Problem to solve: The lines to extract begin at the line that contains "Louny, Lounské divadlení, starosta" and run through the last line of the listing; reproduce them exactly, minus any pictures.

***

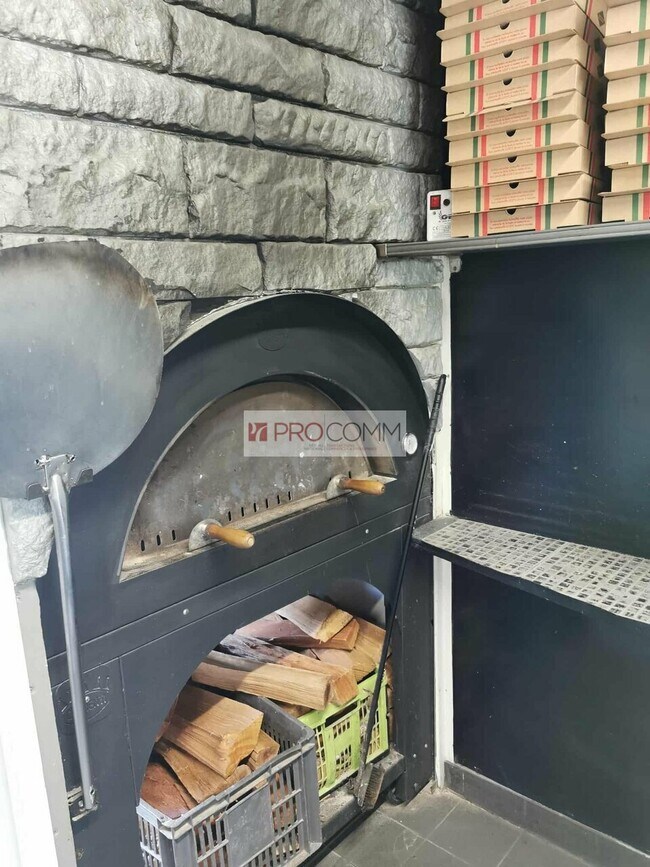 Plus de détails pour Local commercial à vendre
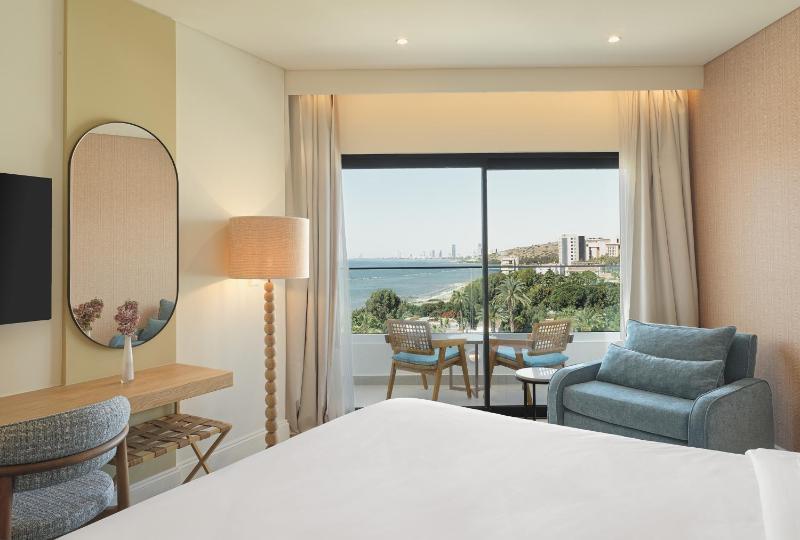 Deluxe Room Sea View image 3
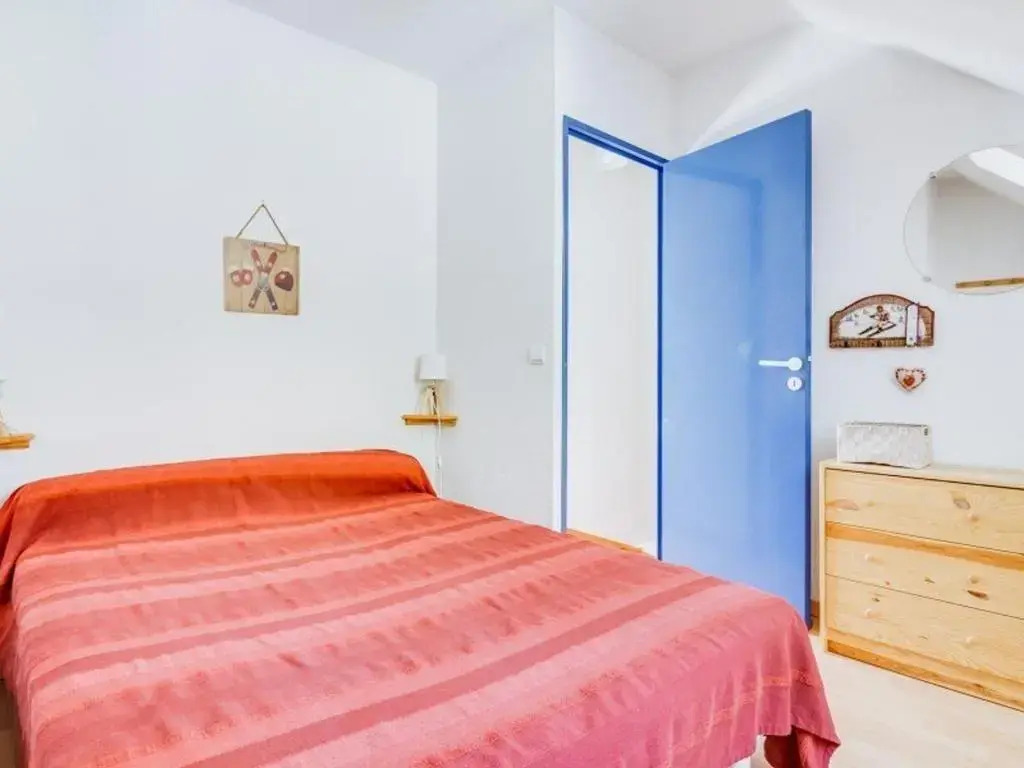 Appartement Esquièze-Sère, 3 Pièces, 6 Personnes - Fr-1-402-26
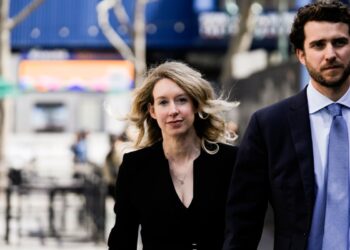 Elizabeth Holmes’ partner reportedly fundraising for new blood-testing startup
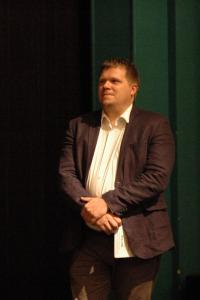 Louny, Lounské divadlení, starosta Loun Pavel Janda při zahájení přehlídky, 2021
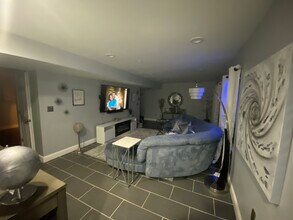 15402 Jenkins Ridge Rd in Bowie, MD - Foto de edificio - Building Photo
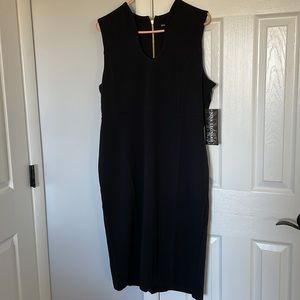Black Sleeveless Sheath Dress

***

Problem solution:
 Louny, Lounské divadlení, starosta Loun Pavel Janda při zahájení přehlídky, 2021
 15402 Jenkins Ridge Rd in Bowie, MD - Foto de edificio - Building Photo
Black Sleeveless Sheath Dress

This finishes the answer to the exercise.